** GOAL OF THE EXERCISE **
An exact copy of every line from the one holding "Cover Art for" to the end of the entries below is required; leave the pictures out.
** Opening SUPPLIED ENTRIES block **
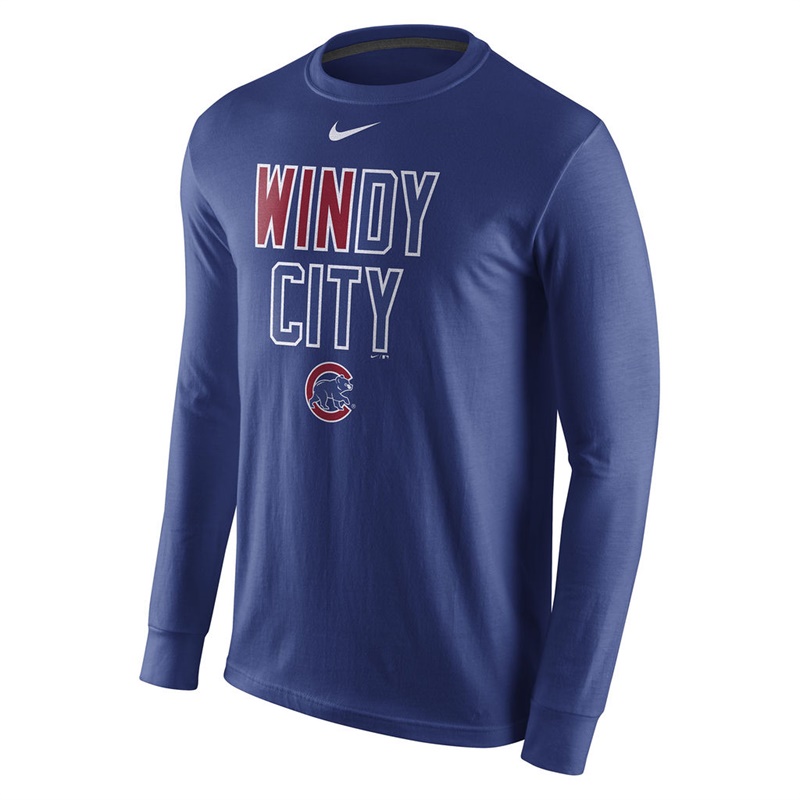 Chicago Cubs Royal 2016 Postseason Playoff Local Long sleeve T-Shirt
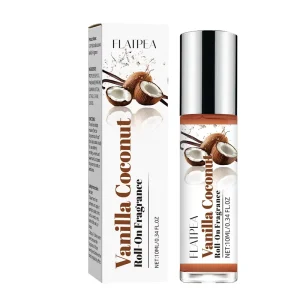 OEM Perfume Oil Natural Scents 10ml Portable Vanilla Coconut Long Lasting Fragrance Roll On Women’s Perfume Essential Oil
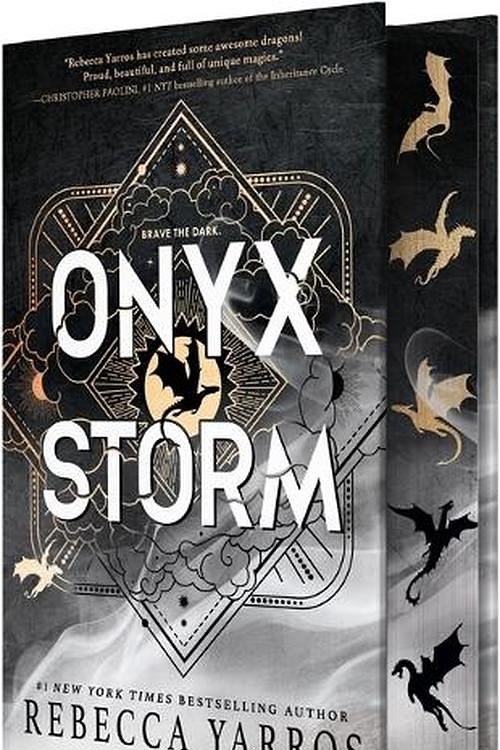 Cover Art for 9781649374189, Onyx Storm by Rebecca Yarros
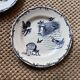Plates Choisy Le Roi 19th in iron earth, country décor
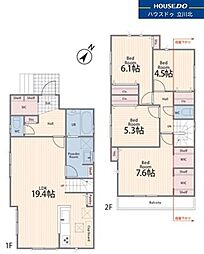 日野市大坂上1丁目　全2棟2号棟　新築分譲住宅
** Closing SUPPLIED ENTRIES block **
** RESULT **
 Cover Art for 9781649374189, Onyx Storm by Rebecca Yarros
Plates Choisy Le Roi 19th in iron earth, country décor
 日野市大坂上1丁目　全2棟2号棟　新築分譲住宅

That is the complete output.